The Case Against Autodecode

Thu Jun 2 14:07:19 PDT 2016

On Thursday, 2 June 2016 at 20:52:29 UTC, ag0aep6g wrote:
> On 06/02/2016 10:36 PM, Andrei Alexandrescu wrote:
>> By whom? The "support level 1" folks yonder at the Unicode 
>> standard? :o)
>> -- Andrei
>
> Do they say that level 1 should be the default, and do they 
> give a rationale for that? Would you kindly link or quote that?

The level 2 support description noted that it should be opt-in 
because its slow.
Arguably it should be easier to operate on code units if you know 
its safe to do so, but either always working on code units or 
always working on graphemes as the default seems to be either too 
broken too often or too slow too often.

Now one can argue either consistency for code units (because then 
we can treat char[] and friends as a slice) or correctness for 
graphemes but really the more I think about it the more I think 
there is no good default and you need to learn unicode anyways. 
The only sad parts here are that 1) we hijacked an array type for 
strings, which sucks and 2) that we dont have an api that is 
actually good at teaching the user what it does and doesnt do.

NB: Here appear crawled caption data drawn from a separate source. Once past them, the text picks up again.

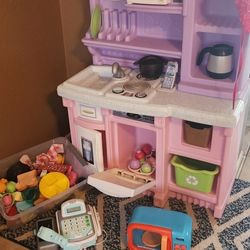 Step 2 Kitchen Toys-Don't Ask Until Ready To Pick Up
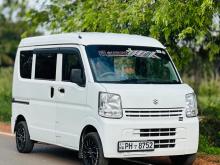 Suzuki DA17 2015 Van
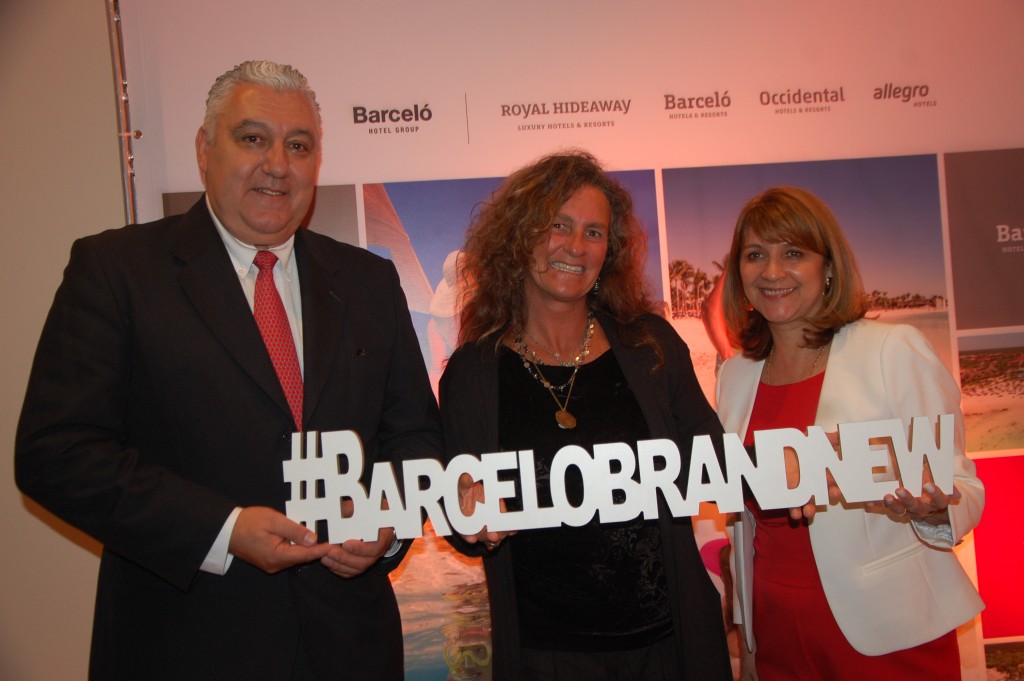 Mari Masgrau, do M&E com Fernando Gutiérrez e Angela Martinez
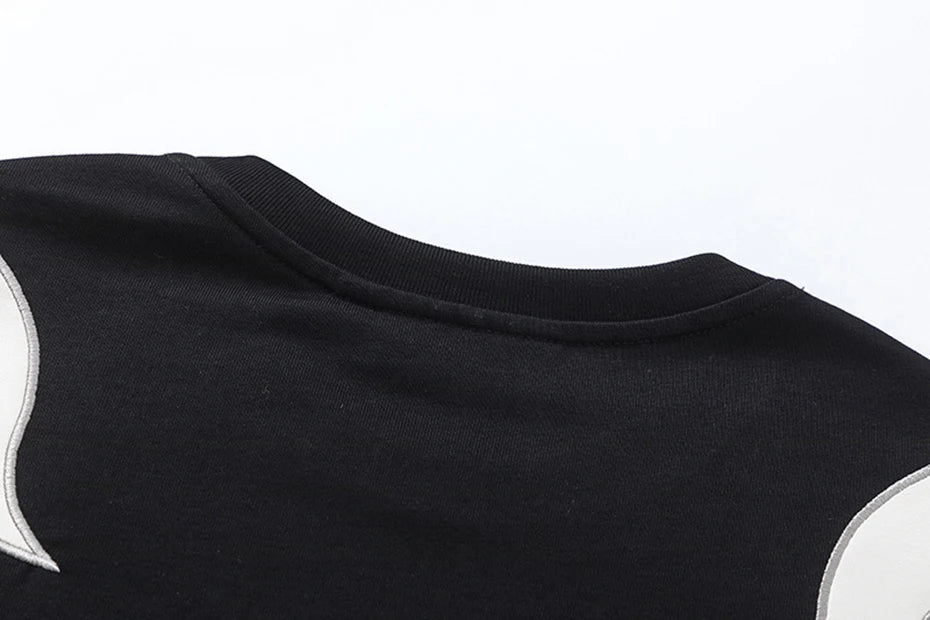 Camiseta Oversized 'Blade'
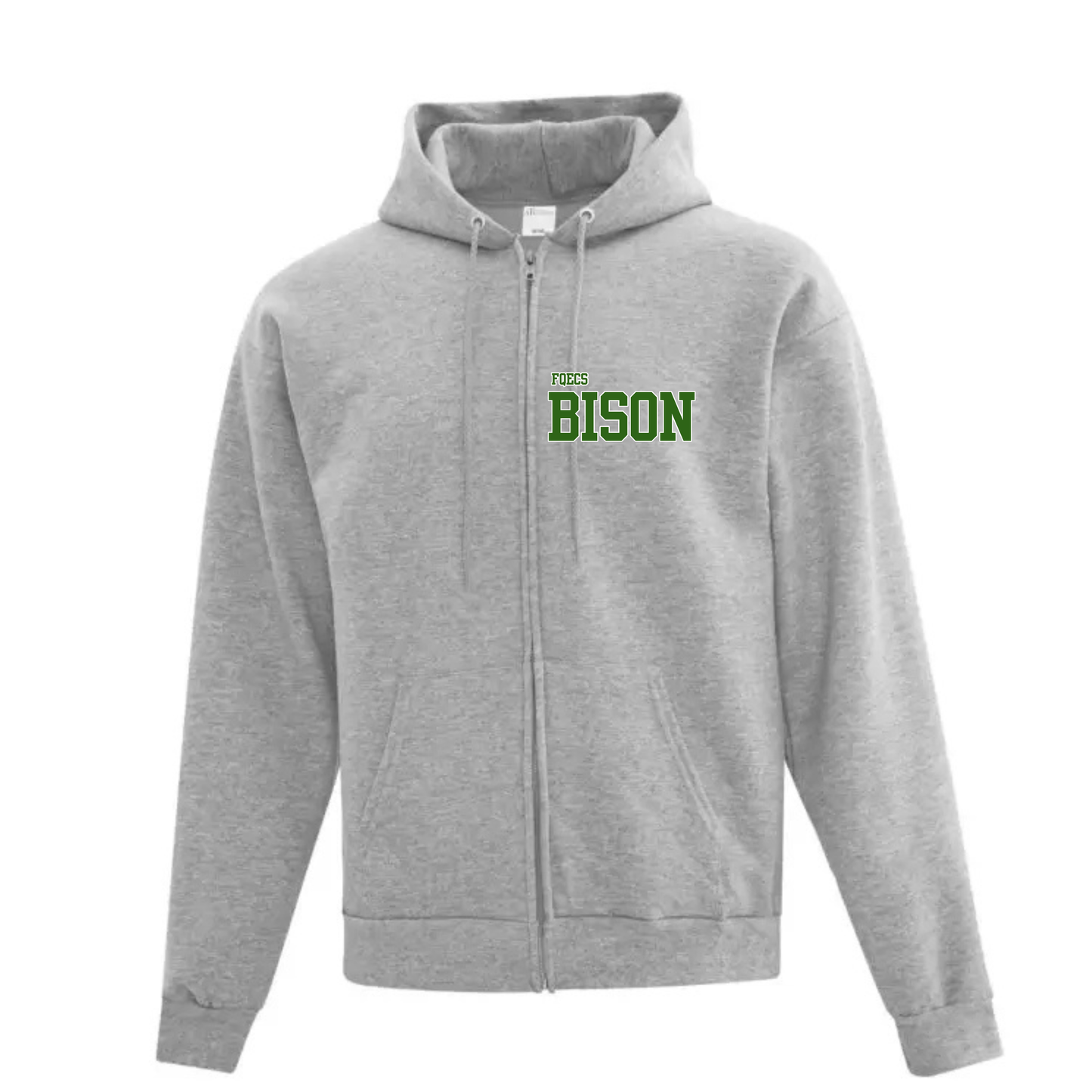Bison Bold Pocket l Apparel l Adult & Youth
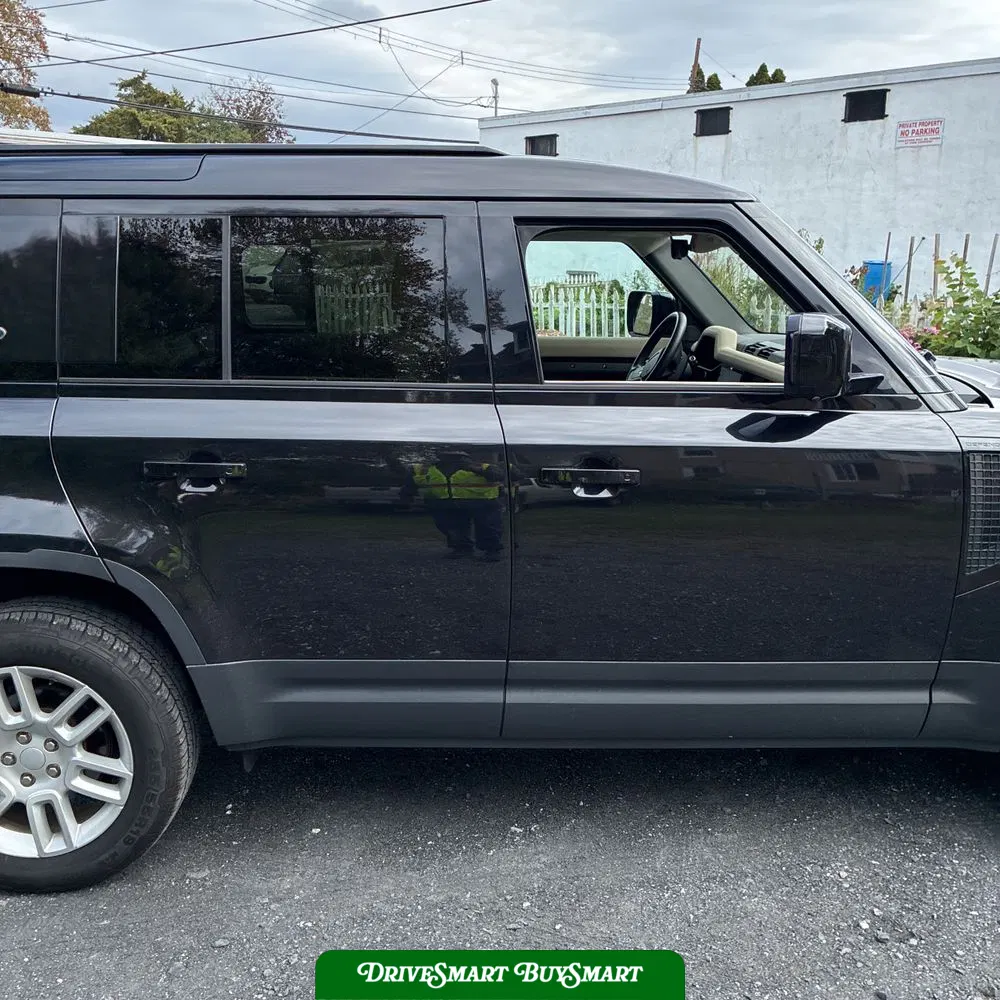 2020 Land Rover Defender 110 S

The consequence of 1 is that generic code that also wants to deal 
with strings will want to special-case to get rid of 
auto-decoding, the consequence of 2 is that we will have tons of 
not-actually-correct string handling.
I would assume that almost all string handling code that is out 
in the wild is broken anyways (in code I have encountered I have 
never seen attempts to normalize or do other things before or 
after comparisons, searching, etc), unless of course, YOU or one 
of your colleagues wrote it (consider that checking the length of 
a string in Java or C# to validate it is no longer than X 
characters is often done and wrong, because .Length is the number 
of UTF-16 code units in those languages) :o)

So really as bad and alarming as "incorrect string handling" by 
default seems, it in practice of other languages that get used 
way more than D has not prevented people from writing working 
(internationalized!) applications in those languages.
One could say we should do it better than them, but I would be 
inclined to believe that RCStr provides our opportunity to do so. 
Having char[] be what it is is an annoying wart, and maybe at 
some point we can deprecate/remove that behaviour, but for now Id 
rather see if RCStr is viable than attempt to change semantics of 
all string handling code in D.